Ana Sayfa Yazılar GÜLŞAH YILDIRIM YAZDI: ASTANA’DAN İZLENİMLER

GÜLŞAH YILDIRIM YAZDI: ASTANA’DAN İZLENİMLER

1401

Gülşah Yıldırım, Öncü Gençlik Uluslararası İlişkiler Bürosu Üyesi

Suriye’de Amerikan emperyalizminin saldırıları sonucu 6 yılı geçkin bir süredir devam eden bir iç savaş durumu hakim. Bu savaş durumunu bitirmek için şimdiye kadar bir çok görüşme gerçekleştirildi. Bu görüşmeler, Batı’nın hakim olduğu ve Asya’nın dışlandığı Cenevre Görüşmeleri ile başladı. Fakat Batılı aktörlerin merkezinde olduğu bu görüşmelerden bir sonuç elde edilemedi çünkü görüşmeler Amerika’nın domine ettiği ve batı destekli terör gruplarıyla Suriye’nin üniter devlet yapısının hedef alındığı, Suriye’yi bir çözüme götürmekten çok bir çözümsüzlüğe sürükleyen görüşmelerdi.

Atlantik’in bu başarısızlığının üzerine Suriye’de barış ortamı yaratmak için düzenlenen diğer görüşme ise Astana Görüşmeleri oldu.
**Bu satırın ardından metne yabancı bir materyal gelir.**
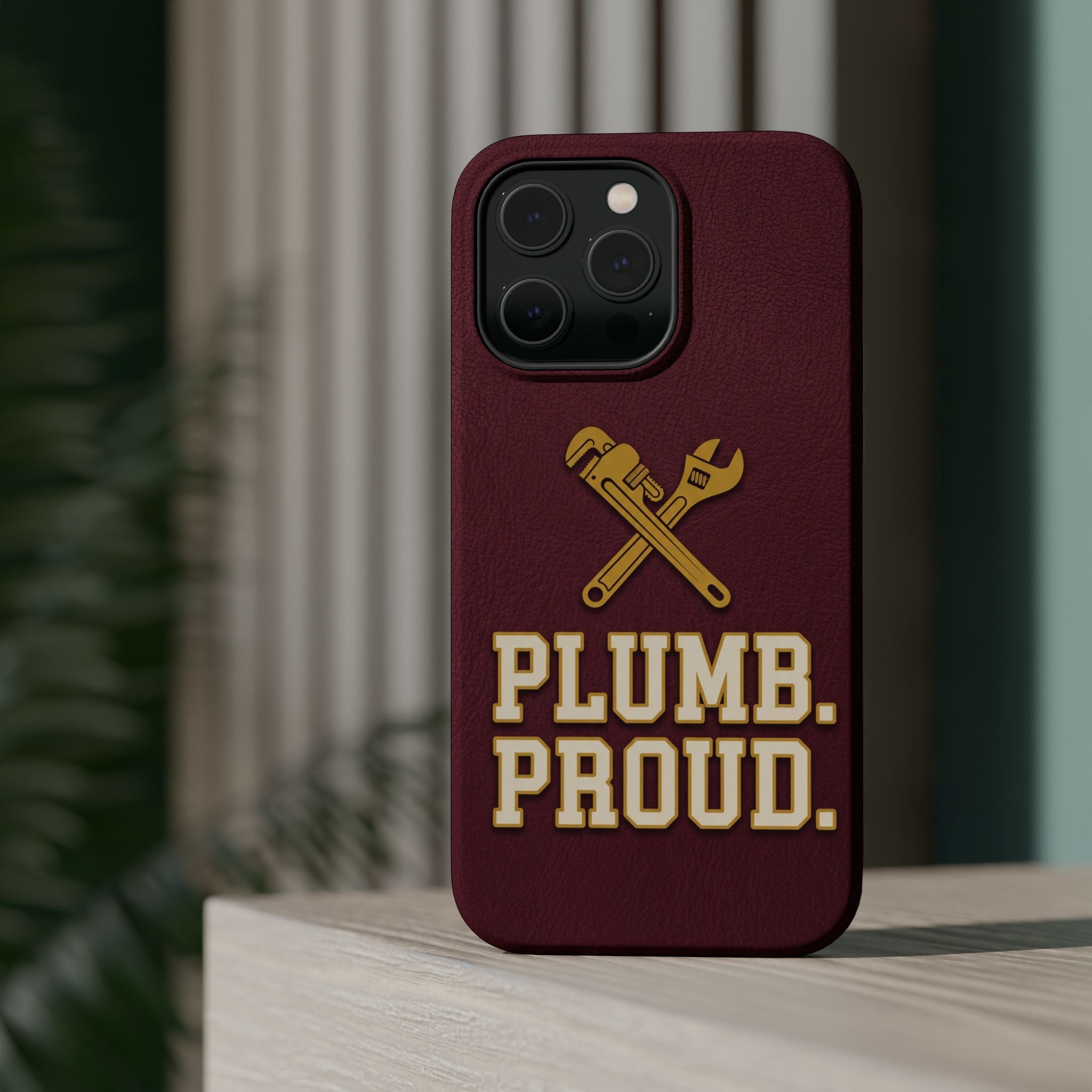 Plumb. Proud. Phone Case — Crossed Wrenches Wireless Charging Cover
Astana Görüşmeleri’ni Cenevre’den ayıran önemli bir nokta olduğunu görüyoruz. Astana Görüşmeleri’nin garantör ülkeleri Türkiye, Rusya ve İran. ABD ise sadece gözlemci olarak görüşmelere katılabiliyor. Astana Görüşmeleri inisiyatifin, Batı Asya ülkeleri lehine değiştiğini göstermektedir. Görüşmelerin, Kazakistan’ın başkenti Astana’da gerçekleşmesi de ayrıca bir önem taşımaktadır. Bu durum Suriye’nin geleceğini artık Batı’nın değil bölge ülkelerinin belirleyeceğini göstermektedir.

Adsız

7. ASTANA GÖRÜŞMELERİ

Şimdiye kadar Astana Görüşmeleri’ni sadece basından takip edebiliyordum. 7. Astana Görüşmelerini ise yerinden takip etme şansım oldu. Görüşmelere garantör ülkeler olan Türkiye, Rusya ve İran’ın yanı sıra gözlemci olarak ABD, Ürdün ve diğer ülkelerden de gözlemciler katıldı. Suriye Hükümeti ve Suriyeli Muhalifler de görüşmelerde yerlerini aldılar.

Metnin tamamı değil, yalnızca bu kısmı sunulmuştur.